EXERCISE REQUIREMENTS:
The records that follow are to be given again exactly. Do not carry over any image.
******
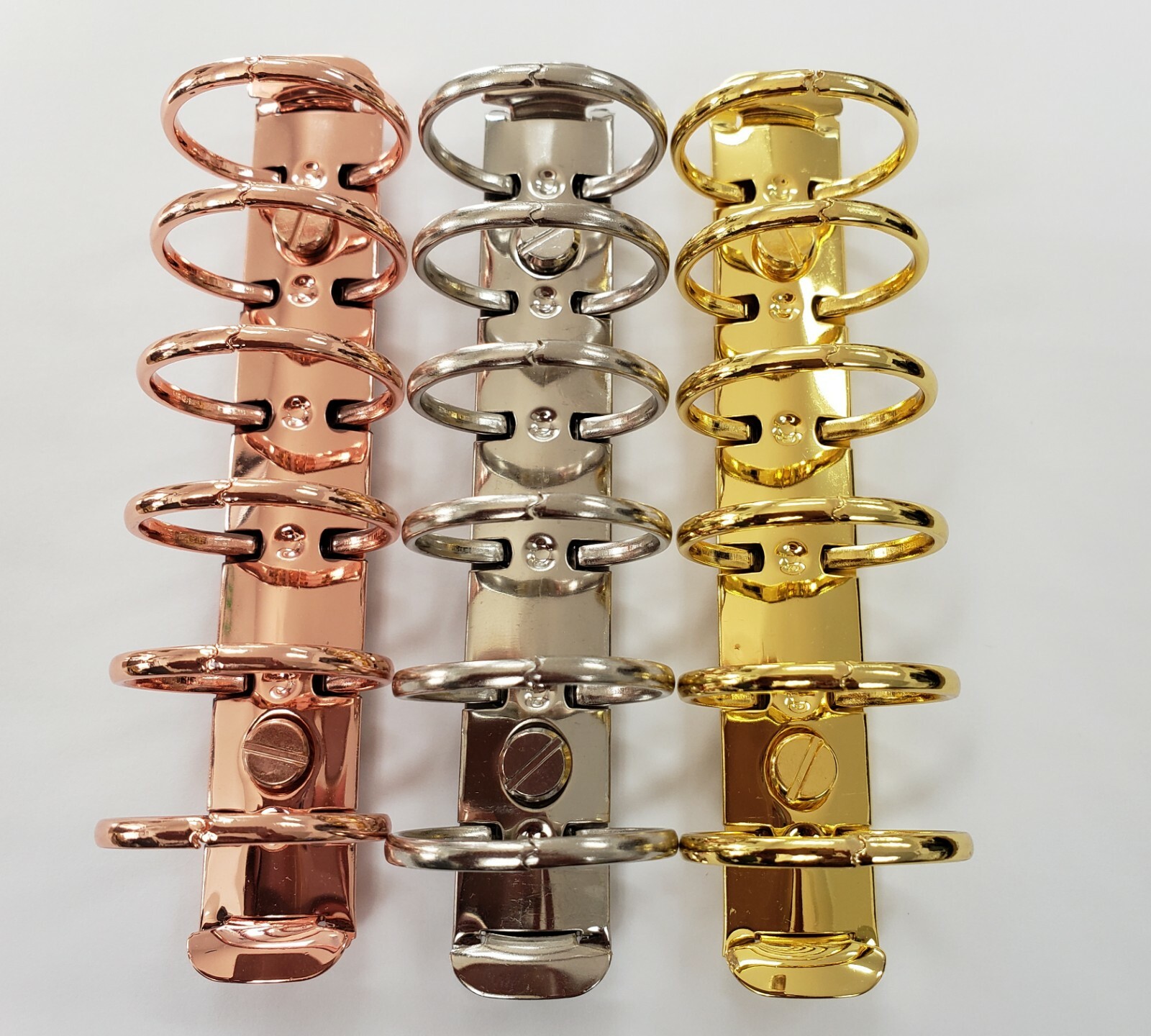 30mm Rose Gold Silver Bundle Pocket Rings & Screws A7 Binder Mechanism Planner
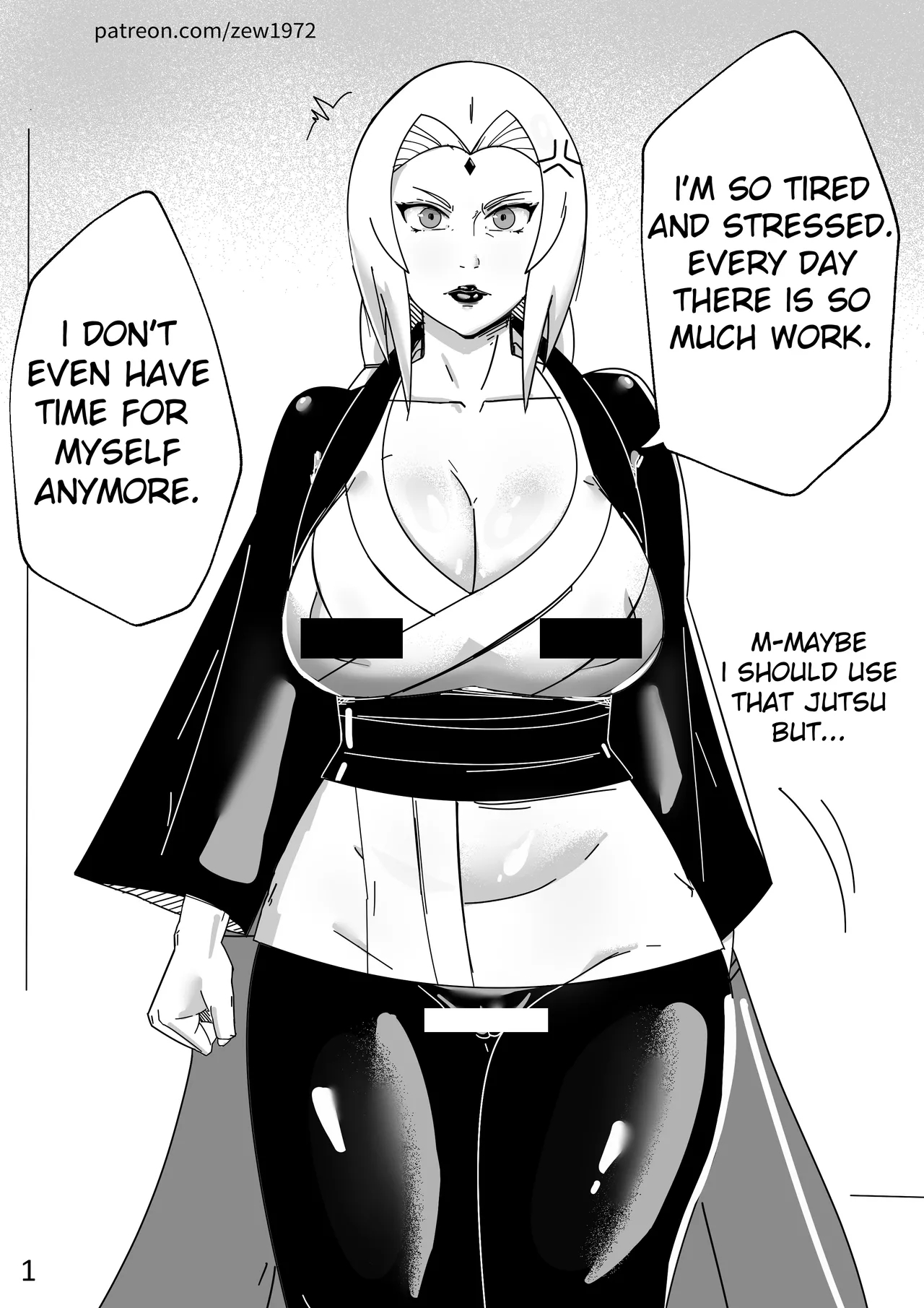 Tsunade - Forbidden Jutsu - Naruto page 1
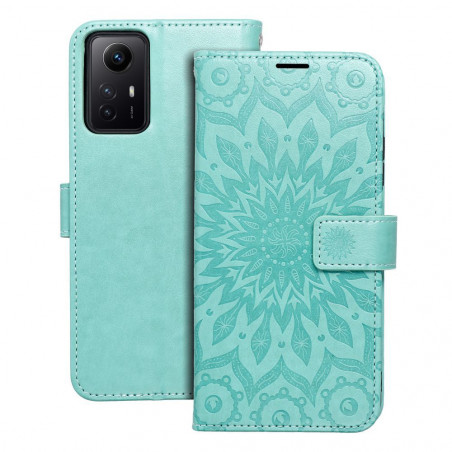 Peněženkové pouzdro MEZZO Book na XIAOMI Redmi Note 12s Mandala  Zelený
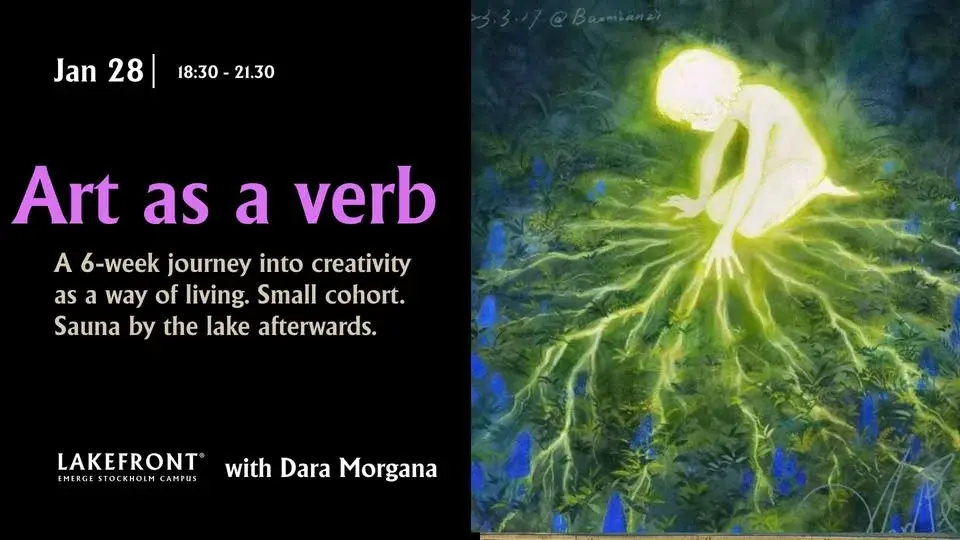 Art as verb - A 6 week journey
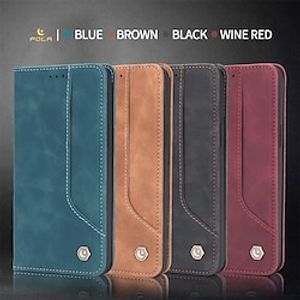 Phone Case For Apple iPhone 15 Pro Max Plus iPhone 14 Pro Max Plus 13 12 11 Mini X XR XS 8 7 Leather Bumper Frame Full Body Protective Four Corners Drop Resistance Solid Color TPU PU Leather miniinthebox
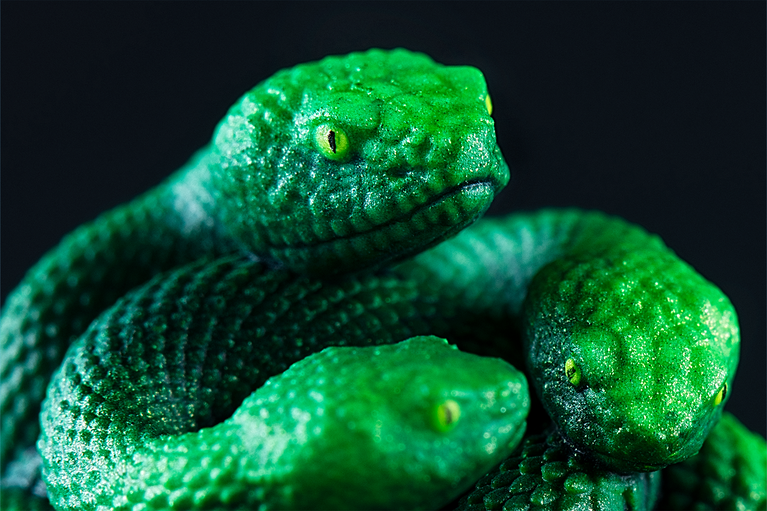 Razer Artisan Keycap - Triple-Headed Snake -view 1
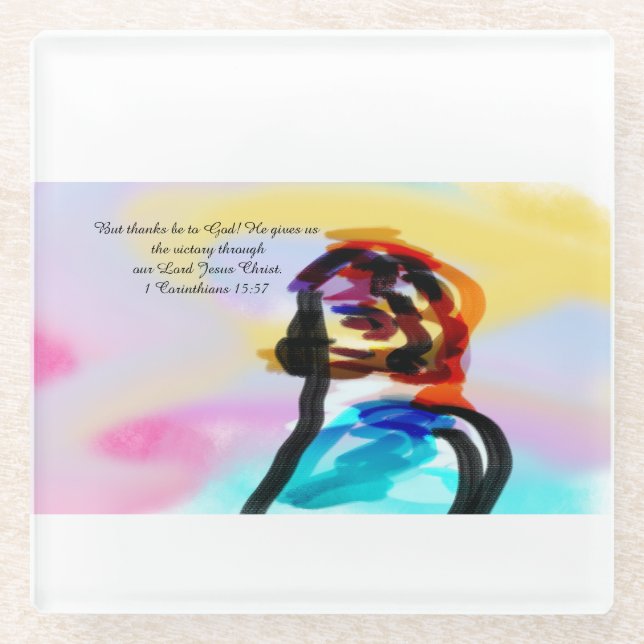 Posavasos De Vidrio victoria de jesus (Anverso)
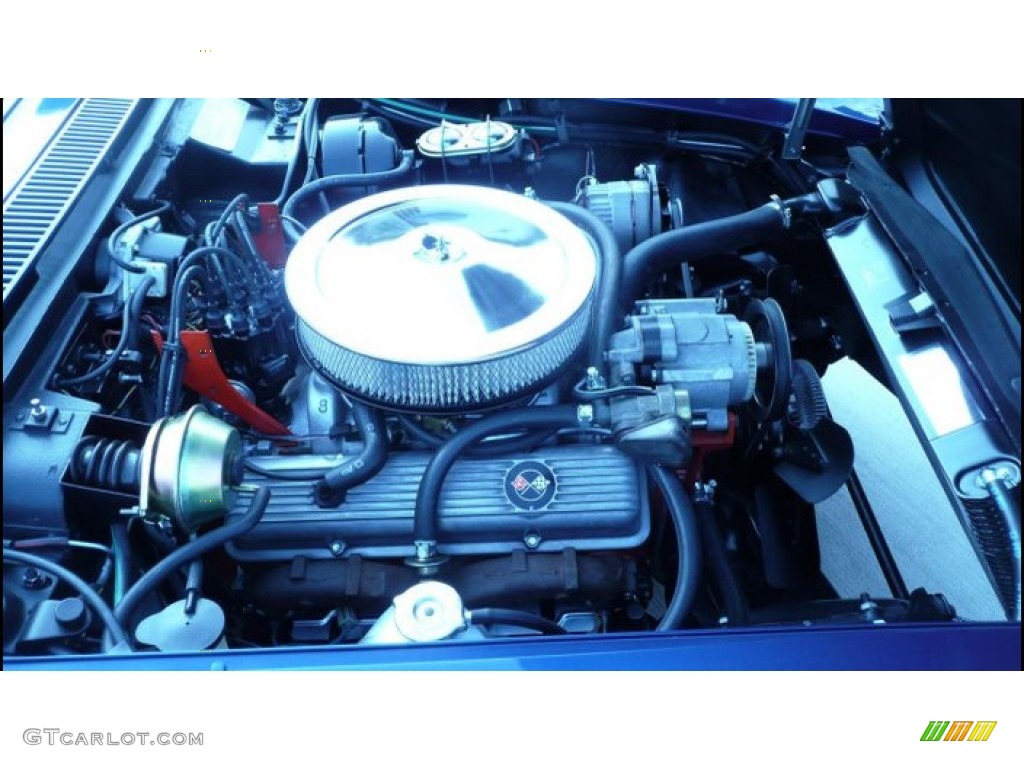 1972 Corvette ZR1 Stingray Coupe - Bryar Blue / Black photo #6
******
RESULT FOR THIS TASK:
 30mm Rose Gold Silver Bundle Pocket Rings & Screws A7 Binder Mechanism Planner
 Tsunade - Forbidden Jutsu - Naruto page 1
 Peněženkové pouzdro MEZZO Book na XIAOMI Redmi Note 12s Mandala  Zelený
 Art as verb - A 6 week journey
 Phone Case For Apple iPhone 15 Pro Max Plus iPhone 14 Pro Max Plus 13 12 11 Mini X XR XS 8 7 Leather Bumper Frame Full Body Protective Four Corners Drop Resistance Solid Color TPU PU Leather miniinthebox
 Razer Artisan Keycap - Triple-Headed Snake -view 1
 Posavasos De Vidrio victoria de jesus (Anverso)
 1972 Corvette ZR1 Stingray Coupe - Bryar Blue / Black photo #6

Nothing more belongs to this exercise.